Like log.log(level, prefix, message, ...). In this way, each level is
given a shorthand, so you can do log.info(prefix, message).

log.addLevel(level, n, style, disp)

  • level {String} Level indicator
  • n {Number} The numeric level
  • style {Object} Object with fg, bg, inverse, etc.
  • disp {String} Optional replacement for level in the output.

Sets up a new level with a shorthand function and so forth.

Note that if the number is Infinity, then setting the level to that
will cause all log messages to be suppressed. If the number is
-Infinity, then the only way to show it is to enable all log messages.

log.newItem(name, todo, weight)

  • name {String} Optional; progress item name.
  • todo {Number} Optional; total amount of work to be done. Default 0.
  • weight {Number} Optional; the weight of this item relative to others. Default 1.

This adds a new are-we-there-yet item tracker to the progress tracker. The
object returned has the log[level] methods but is otherwise an
are-we-there-yet Tracker object.

log.newStream(name, todo, weight)

This adds a new are-we-there-yet stream tracker to the progress tracker. The
object returned has the log[level] methods but is otherwise an
are-we-there-yet TrackerStream object.

log.newGroup(name, weight)

This adds a new are-we-there-yet tracker group to the progress tracker. The
object returned has the log[level] methods but is otherwise an
are-we-there-yet TrackerGroup object.

Events

Events are all emitted with the message object.
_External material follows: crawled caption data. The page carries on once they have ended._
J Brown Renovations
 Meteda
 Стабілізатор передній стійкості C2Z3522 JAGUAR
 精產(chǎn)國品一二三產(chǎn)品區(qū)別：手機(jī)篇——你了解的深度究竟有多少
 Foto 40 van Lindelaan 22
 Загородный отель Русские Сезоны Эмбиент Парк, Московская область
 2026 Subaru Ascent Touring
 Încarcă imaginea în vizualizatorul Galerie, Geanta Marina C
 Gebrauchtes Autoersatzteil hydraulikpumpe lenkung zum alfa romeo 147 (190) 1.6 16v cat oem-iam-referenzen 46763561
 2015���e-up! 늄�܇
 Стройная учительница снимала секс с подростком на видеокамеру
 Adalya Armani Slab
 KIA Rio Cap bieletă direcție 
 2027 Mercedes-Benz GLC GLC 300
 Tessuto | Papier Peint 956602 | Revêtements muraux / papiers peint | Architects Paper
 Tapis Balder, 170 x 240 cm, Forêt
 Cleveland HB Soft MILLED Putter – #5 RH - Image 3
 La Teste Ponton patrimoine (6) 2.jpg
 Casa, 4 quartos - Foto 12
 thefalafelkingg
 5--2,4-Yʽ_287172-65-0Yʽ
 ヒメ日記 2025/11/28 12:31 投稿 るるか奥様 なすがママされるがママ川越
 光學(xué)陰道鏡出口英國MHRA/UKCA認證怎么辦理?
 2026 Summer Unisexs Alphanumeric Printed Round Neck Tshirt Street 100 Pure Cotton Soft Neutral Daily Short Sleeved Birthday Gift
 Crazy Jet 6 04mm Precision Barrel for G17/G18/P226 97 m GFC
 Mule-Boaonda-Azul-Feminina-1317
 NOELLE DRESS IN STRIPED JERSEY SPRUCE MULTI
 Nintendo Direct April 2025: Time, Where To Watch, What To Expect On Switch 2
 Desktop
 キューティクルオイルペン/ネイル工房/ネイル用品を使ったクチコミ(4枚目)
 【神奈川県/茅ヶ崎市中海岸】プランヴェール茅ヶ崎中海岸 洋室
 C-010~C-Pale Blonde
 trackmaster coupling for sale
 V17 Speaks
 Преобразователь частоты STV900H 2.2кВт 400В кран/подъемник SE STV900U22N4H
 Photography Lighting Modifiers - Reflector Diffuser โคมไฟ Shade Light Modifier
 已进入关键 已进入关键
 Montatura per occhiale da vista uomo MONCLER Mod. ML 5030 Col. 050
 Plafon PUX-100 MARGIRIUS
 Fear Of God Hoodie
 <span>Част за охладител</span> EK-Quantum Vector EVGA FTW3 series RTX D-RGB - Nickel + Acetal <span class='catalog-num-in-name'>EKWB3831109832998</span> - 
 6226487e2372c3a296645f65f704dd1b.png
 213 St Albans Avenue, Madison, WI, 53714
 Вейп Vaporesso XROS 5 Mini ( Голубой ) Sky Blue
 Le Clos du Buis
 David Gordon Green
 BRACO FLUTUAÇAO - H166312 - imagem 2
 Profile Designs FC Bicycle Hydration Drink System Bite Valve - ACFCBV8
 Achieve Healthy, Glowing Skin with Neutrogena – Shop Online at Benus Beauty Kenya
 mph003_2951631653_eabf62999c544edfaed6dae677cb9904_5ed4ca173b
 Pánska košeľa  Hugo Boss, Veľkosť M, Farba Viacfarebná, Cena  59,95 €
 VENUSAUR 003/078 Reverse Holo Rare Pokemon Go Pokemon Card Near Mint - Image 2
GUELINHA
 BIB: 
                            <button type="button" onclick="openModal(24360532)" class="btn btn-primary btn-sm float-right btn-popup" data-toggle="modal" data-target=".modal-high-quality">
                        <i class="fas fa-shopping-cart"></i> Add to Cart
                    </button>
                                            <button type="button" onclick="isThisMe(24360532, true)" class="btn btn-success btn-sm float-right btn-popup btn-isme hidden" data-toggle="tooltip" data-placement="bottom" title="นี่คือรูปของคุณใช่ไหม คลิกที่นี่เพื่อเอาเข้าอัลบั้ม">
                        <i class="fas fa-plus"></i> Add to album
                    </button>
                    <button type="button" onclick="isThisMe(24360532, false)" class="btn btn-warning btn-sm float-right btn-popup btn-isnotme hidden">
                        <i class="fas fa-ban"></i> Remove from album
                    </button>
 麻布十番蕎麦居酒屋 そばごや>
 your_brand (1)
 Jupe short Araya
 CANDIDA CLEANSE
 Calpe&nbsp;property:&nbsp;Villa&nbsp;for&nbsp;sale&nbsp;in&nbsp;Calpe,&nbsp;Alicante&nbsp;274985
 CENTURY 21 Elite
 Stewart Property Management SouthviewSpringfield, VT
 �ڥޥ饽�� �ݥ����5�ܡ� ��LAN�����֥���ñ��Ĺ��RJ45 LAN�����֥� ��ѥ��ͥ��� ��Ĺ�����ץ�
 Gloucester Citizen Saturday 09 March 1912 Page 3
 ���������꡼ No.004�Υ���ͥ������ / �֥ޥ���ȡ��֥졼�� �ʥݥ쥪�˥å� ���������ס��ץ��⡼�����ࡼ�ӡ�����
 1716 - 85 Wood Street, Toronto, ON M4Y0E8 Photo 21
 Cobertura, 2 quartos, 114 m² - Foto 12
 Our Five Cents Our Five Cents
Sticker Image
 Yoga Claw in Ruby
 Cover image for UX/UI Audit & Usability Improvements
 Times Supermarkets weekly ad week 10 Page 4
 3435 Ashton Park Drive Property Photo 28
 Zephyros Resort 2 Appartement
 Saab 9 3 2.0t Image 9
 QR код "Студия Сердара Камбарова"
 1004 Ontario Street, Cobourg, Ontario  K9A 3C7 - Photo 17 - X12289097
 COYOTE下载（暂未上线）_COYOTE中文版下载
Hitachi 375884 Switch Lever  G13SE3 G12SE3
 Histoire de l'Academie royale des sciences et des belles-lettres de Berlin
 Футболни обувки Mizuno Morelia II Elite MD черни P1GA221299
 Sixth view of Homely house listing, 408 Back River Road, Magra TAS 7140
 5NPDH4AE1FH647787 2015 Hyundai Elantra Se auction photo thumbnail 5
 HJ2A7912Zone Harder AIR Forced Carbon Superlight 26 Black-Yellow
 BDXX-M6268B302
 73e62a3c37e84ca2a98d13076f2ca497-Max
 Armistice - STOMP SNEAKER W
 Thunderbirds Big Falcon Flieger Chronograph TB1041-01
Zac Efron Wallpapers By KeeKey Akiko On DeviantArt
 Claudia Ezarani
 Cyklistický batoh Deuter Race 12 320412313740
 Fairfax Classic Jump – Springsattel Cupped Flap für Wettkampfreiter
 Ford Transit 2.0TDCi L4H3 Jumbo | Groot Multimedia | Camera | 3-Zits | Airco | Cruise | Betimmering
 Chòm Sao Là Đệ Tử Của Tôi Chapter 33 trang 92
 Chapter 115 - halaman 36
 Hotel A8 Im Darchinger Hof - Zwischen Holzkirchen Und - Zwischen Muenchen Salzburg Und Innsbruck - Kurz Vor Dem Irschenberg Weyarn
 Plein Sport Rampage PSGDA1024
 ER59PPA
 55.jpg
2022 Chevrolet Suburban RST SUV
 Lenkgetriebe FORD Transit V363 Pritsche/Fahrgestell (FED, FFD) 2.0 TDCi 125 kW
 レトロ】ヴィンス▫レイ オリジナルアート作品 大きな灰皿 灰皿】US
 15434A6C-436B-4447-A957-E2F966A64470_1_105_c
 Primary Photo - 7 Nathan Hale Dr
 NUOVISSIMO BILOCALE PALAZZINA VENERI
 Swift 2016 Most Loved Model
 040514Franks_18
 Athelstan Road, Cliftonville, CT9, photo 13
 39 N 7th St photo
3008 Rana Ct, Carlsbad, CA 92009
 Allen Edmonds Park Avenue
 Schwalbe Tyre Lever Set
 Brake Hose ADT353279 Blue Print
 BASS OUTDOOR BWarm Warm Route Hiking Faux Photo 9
  • log Emitted for all messages
  • log.<level> Emitted for all messages with the <level> level.
  • <prefix> Messages with prefixes also emit their prefix as an event.

Style Objects

Style objects can have the following fields:

  • fg {String} Color for the foreground text
  • bg {String} Color for the background
  • bold, inverse, underline {Boolean} Set the associated property
  • bell {Boolean} Make a noise (This is pretty annoying, probably.)

Message Objects

Every log event is emitted with a message object, and the log.record
list contains all of them that have been created. They have the
following fields:

  • id {Number}
  • level {String}
  • prefix {String}
  • message {String} Result of util.format()
  • messageRaw {Array} Arguments to util.format()

Blocking TTYs

We use set-blocking to set
stderr and stdout blocking if they are tty's and have the setBlocking call.
This is a work around for an issue in early versions of Node.js 6.x, which
made stderr and stdout non-blocking on OSX. (They are always blocking
Windows and were never blocking on Linux.) npmlog needs them to be blocking
so that it can allow output to stdout and stderr to be interlaced.